━━━━━ Source information
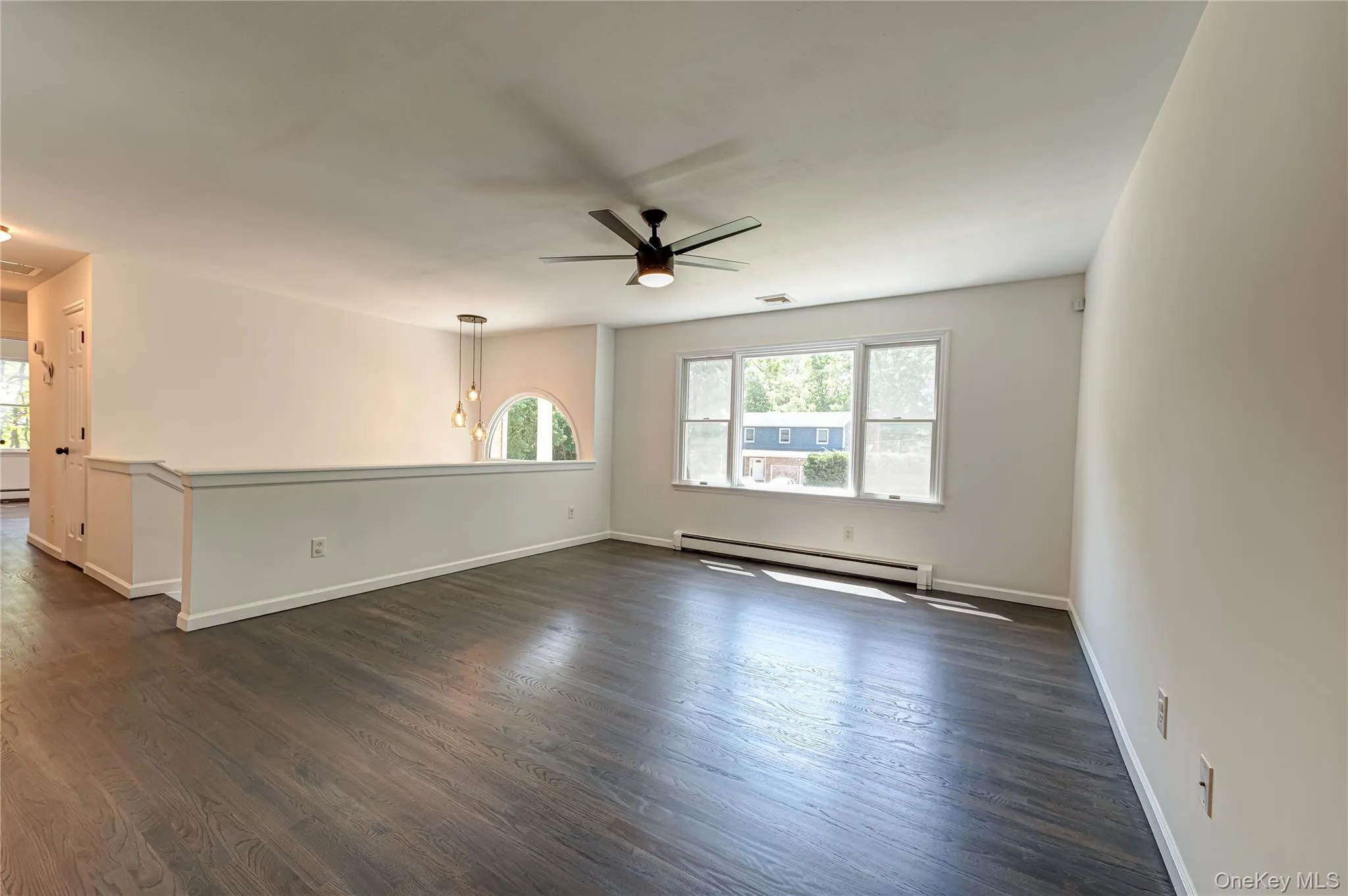 25 Camelot Drive, Brookhaven, NY, 5 Bedrooms Bedrooms, 11 Rooms Rooms,4 BathroomsBathrooms,Residential,For Rent,Camelot,0,1009738 25 Camelot Drive, Brookhaven, NY, 5 Bedrooms Bedrooms, 11 Rooms Rooms,4 BathroomsBathrooms,Residential,For Rent,Camelot,0,1009738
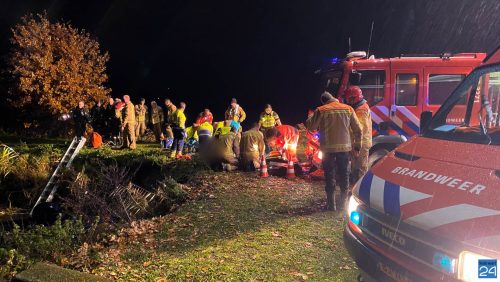 Auto op de kop in vijver Someren-1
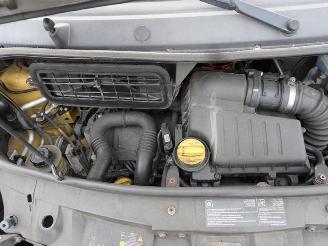 Renault Trafic 2.0 dCi picture 8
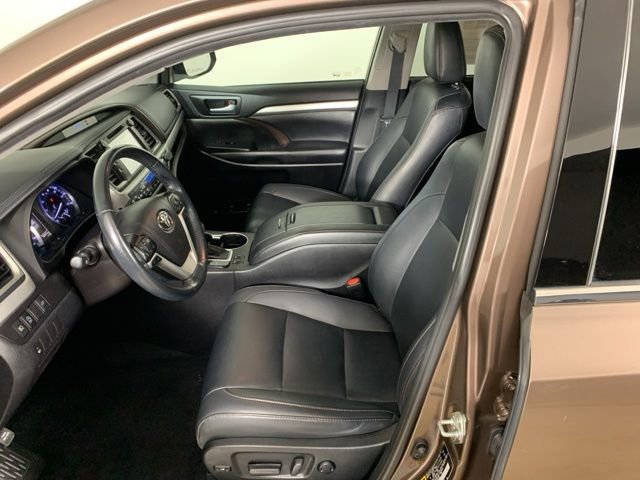 Used 2019 Toyota Highlander XLE w/ Protection Package #3 image 33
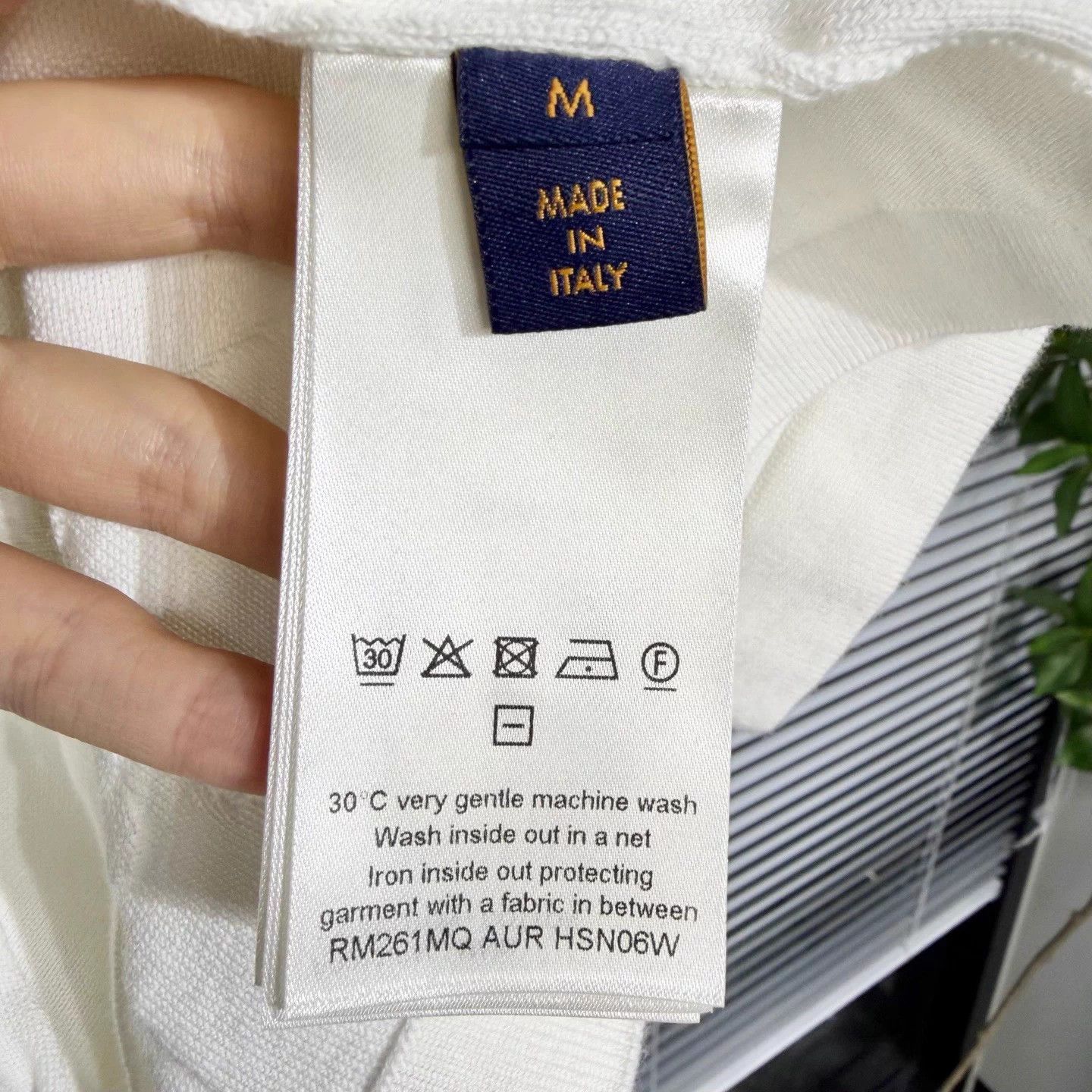 Louis Vuitton LV 26 Holiday Monogram Big Logo White Knit Tee M Size US M / EU 48-50 / 2 - 4 Thumbnail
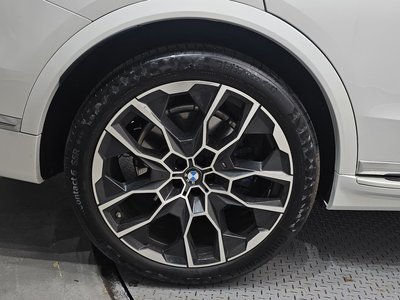 صورة 6 لـ 2025 BMW X7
━━━━━━━━━━
Your instructions: Both the line containing "Auto op de kop in vijver Someren-1" and the last line of the records above belong in the exact copy, along with every line between them; pictures do not.

Response to the exercise:
 Auto op de kop in vijver Someren-1
 Renault Trafic 2.0 dCi picture 8
 Used 2019 Toyota Highlander XLE w/ Protection Package #3 image 33
 Louis Vuitton LV 26 Holiday Monogram Big Logo White Knit Tee M Size US M / EU 48-50 / 2 - 4 Thumbnail
 صورة 6 لـ 2025 BMW X7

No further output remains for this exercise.